While Dutch film director Paul Verhoeven hasn’t really done much of note in the last couple of decades, there was a time during the 1980s and ’90s where he was seen as one of the most intriguing filmmakers out there, injecting a subversive sense of humor into even his most mainstream projects. Arguably his most famous Hollywood film is 1987’s Robocop, starring Peter Weller as an honest cop who is brutally killed in the line of duty, then subsequently brought back as the titular cybernetic lawman by the corporate overlords that rule a dystopian future Detroit.
Robocop was a modest hit at the time, earning over $50 million at the box office on a budget of $13 million. This success naturally spawned two sequels of varying quality, and later a TV series. As with most popular films from that era, the film has since received a remake/reboot, but unfortunately, Robocop (2014) didn’t live up to the original with the masses at large, earning mixed reviews at best and barely making back half its large $100 million budget at domestic theaters. While the film did well enough overseas to stay above water financially, there has been no real movement from Sony on a follow-up – likely due to the abject indifference that franchise fans largely greeted it with.

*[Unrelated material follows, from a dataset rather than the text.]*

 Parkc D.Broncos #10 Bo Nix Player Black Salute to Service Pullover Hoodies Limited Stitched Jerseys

Why did the Robocop remake underwhelm? That comes down to individual opinion, but one opinion that is likely to carry more weight on the subject than most is Verhoeven himself, since it was his unique style and filmmaking sensibilities that helped establish Robocop as one of the best sci-fi action flicks of its era. Verhoeven was asked what he thought about Robocop (2014) in a recent interview with Collider, and proceeded to break down what he feels this new take on his material got wrong:
“Somehow they seem to think that the lightness of say Total Recall and Robocop is a hindrance. So they take these somewhat absurd stories and make them much too serious. I think that is a mistake. Especially in Robocop when he awakens they gave him the same brain. He’s a horribly injured and amputated victim, which is horrifying and tragic from the very beginning. So we didn’t do that in Robocop. His brain is gone and he has only flashes of memory and needs to go to a computer to find out who he even is. I think by not having a robot brain, you make the movie much heavier and I don’t think that helps the movie in anyway. It becomes more silly or absurd, but in the wrong way. Both those movies needed the distance of satire or comedy to situate it for audiences. Playing it straight without any humour is a problem and not an improvement.”

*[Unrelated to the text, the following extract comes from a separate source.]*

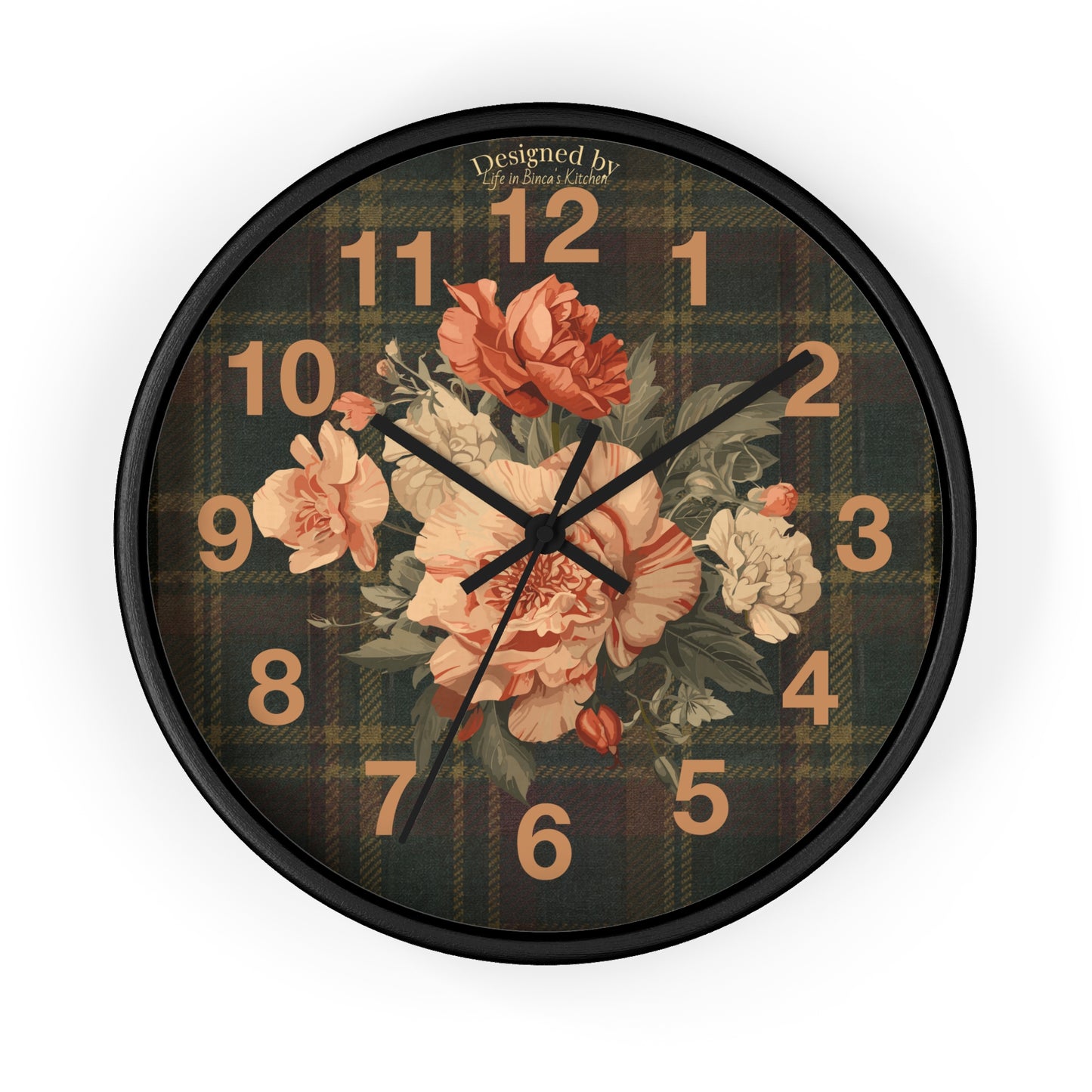 Briarwood Floral Wall Clock — Vintage Rose & Heritage Tartan Design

The main thrust of Verhoeven’s criticism seems to be that the Robocop remake was played entirely too straight, and made a huge mistake in not playing up the subversive humor that his film did so well. His point is certainly a fair one, as despite all of the gory action scenes contained within, some of the most memorable parts of the original Robocop are based on jokes. True, these darkly funny moments – such as Robocop shooting an attempted rapist directly in the groin, or a corporate executive getting gunned down in gratuitously over the top fashion by a malfunctioning robot – aren’t exactly the kind found in most Hollywood comedies, but most fans would likely agree that they inject a kind of playful insanity into the mix that the far more serious remake doesn’t have.

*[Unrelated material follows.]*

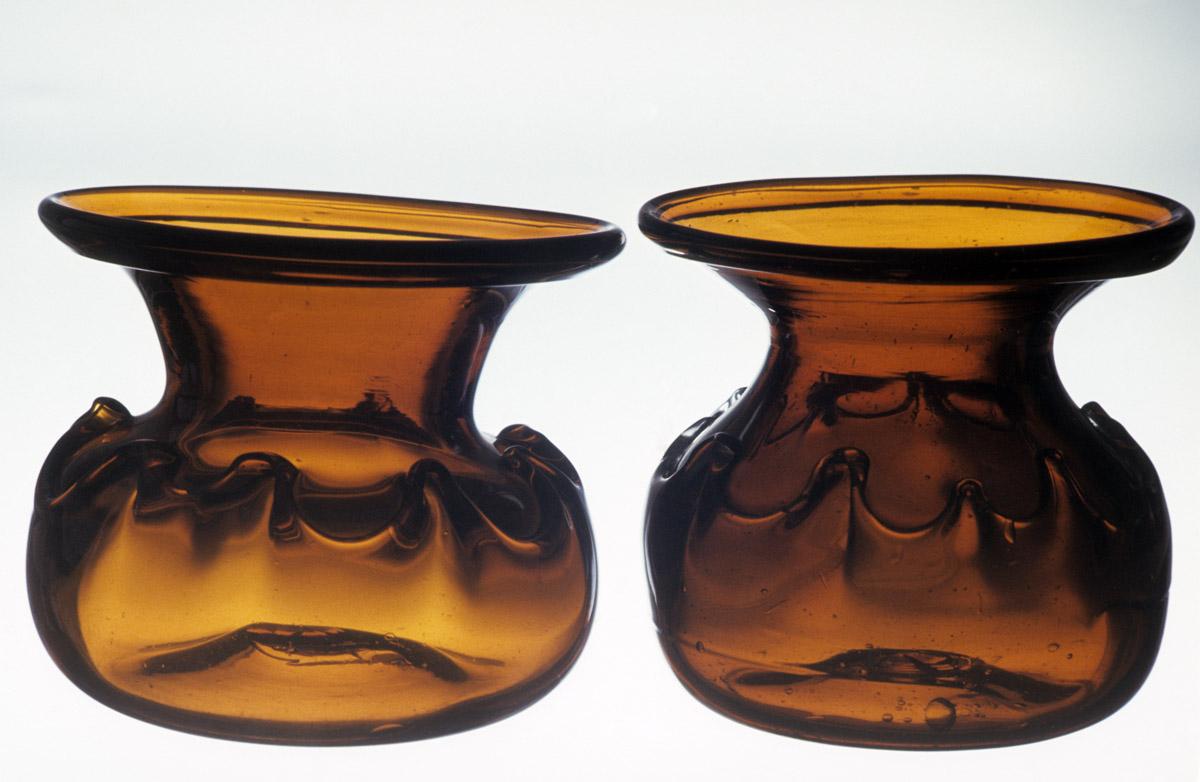 1959.3031, .3030 Amber glass spittoons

It remains to be seen whether Sony will eventually make a sequel to Robocop (2014) or just head back to the reboot drawing board, but whenever the world does end up receiving more Robocop, it’ll be interesting to see if Verhoeven’s above sentiments are given any weight by the studio. After all, Sony already tried it the PG-13 serious drama way, and by most accounts failed. What do they really have to lose by trying it the absurd R-rated Verhoeven way?